Nicht nur Menschen mit DDR-Vergangenheit, sondern auch junge Erwachsene aus ganz Deutschland kommen zu Schubert, um das Küchengerät zu erwerben. "Die haben halt mitbekommen, dass viele neue Mixer nach zwei Minuten anfangen zu qualmen. Beim RG28 wissen sie, dass der auch die nächsten 40 Jahre noch funktionieren wird."
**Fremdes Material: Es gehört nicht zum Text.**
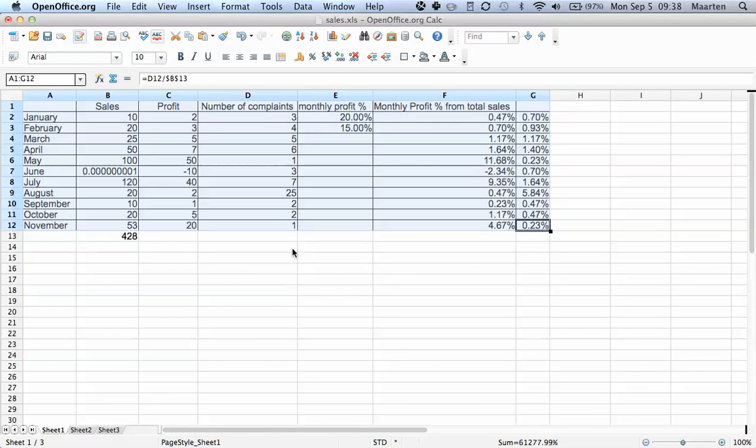Alright. This was part two of sorting and filtering. I hope you enjoyed this video. If you have any questions, please leave them in the comments.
Auch auf Tiktok und Instagram herrscht Einigkeit: Nutzer erzählen von geerbten Geräten, teilen Erinnerungen und loben die lange Lebensdauer. "Fast 50 Jahre und kein bisschen leiser", heißt es da unter anderem – eine Anspielung auf Curd Jürgens Chanson "60 Jahre und kein bisschen weise" aus dem Jahr 1975.
Häufig liest man über den RG28 auch: "Er läuft und läuft und läuft“ – offensichtlich inspiriert vom berühmten VW-Käfer-Slogan der 1960er Jahre. Im Jahr 2020 verlieh die Stiftung Warentest dem Handmixer im Belastungstest das Prädikat "Held der Arbeit", da er länger durchhielt als zwei aktuelle getestete Modelle.
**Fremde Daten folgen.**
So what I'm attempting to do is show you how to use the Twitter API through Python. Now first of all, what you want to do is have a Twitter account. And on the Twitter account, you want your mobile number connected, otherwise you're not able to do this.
Wo kommt das DDR-Handrührgerät RG28 eigentlich her und was kostet es heute?
Das elektrische Rührgerät (RG) wurde in den 1980er Jahren im VEB Elektrogerätewerk Suhl in Thüringen in verschiedenen Ausführungen produziert. 1977 wurden 450.000 Mixer hergestellt.
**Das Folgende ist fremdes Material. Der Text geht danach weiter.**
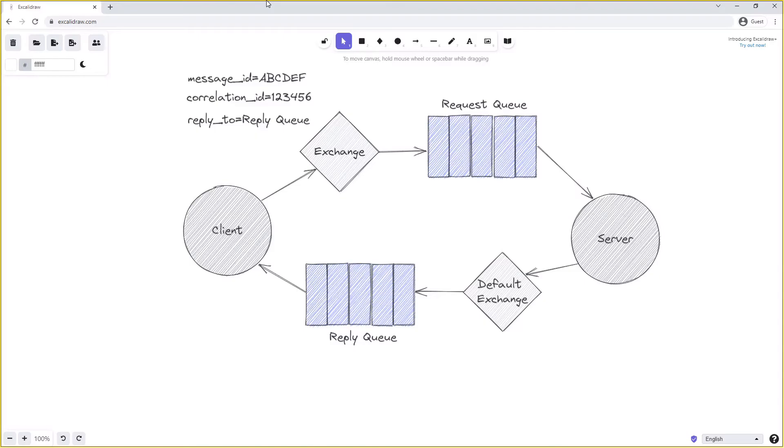The server might decide to populate the correlation ID on its reply with the same message ID that it received in the request. This will allow the client to uniquely identify which reply is for which request.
Der RG28 kostete damals 98 Ostmark – ein beachtlicher Betrag. Ergänzend gab es diverse Aufsätze zum Mahlen, Mixen und Reiben.
1983 wurde der AKA electric RG 28 in der Sendung "HAPS – Haushalts-Allerlei praktisch serviert" vorgestellt. Die Moderatoren präsentierten die unterschiedlichen Funktionsweisen des Küchengeräts, unter anderem Dosen öffnen, passieren, raspeln und sogar Messer schärfen. Sie liefern auch gleich ein Rezept für den "Haps-Flip" – ein Getränk aus Milch, Rotwein, hellem Bier, Zucker, einem Ei und einer Prise Pfeffer – mit.
Übrigens: Die Abkürzung "AKA" steht für "auf Kundenwünsche ausgerichtet". Mit dem Ende der DDR wurde die Produktion 1990 eingestellt.
Neue Geräte sind daher nicht mehr erhältlich. Schubert kauft gebrauchte Exemplare, reinigt und repariert sie. Je nach Zustand, Zubehör und Farbe verkauft er sie für 20 bis 80 Euro. Unbenutzt im Originalkarton kann ein RG28 auch für bis zu 200 Euro über den Tresen gehen.
Auf der Plattform Kleinanzeigen (vormals Ebay) finden sich ähnliche Angebote. Hier werden die DDR-Mixer zwischen 30 und 150 Euro gehandelt – je nach Zubehör.
Eine Sprecherin berichtet, dass die Zahl der Anzeigen für DDR-Produkte im vergangenen Jahr leicht auf rund 940.000 gestiegen sei. Die Angebote für den RG28 legten um 13 Prozent zu.
Besonders auffällig sei der Anstieg der Suchanfragen: Zwischen August und September 2004 wuchs das Interesse um 31 Prozent – mit über 3.000 Anfragen pro Monat.
Kultstatus nach der Wende: Was steckt hinter dem Erfolg des RG28?
Diese Entwicklung ist auch Gordon von Godin, Direktor des DDR-Museums Berlin, nicht entgangen. "Küchengeräte wie der RG28-Mixer oder Alltagsgegenstände wie die berühmten bunten Hühner-Eierbecher aus Plaste haben erst seit wenigen Jahren Kultstatus."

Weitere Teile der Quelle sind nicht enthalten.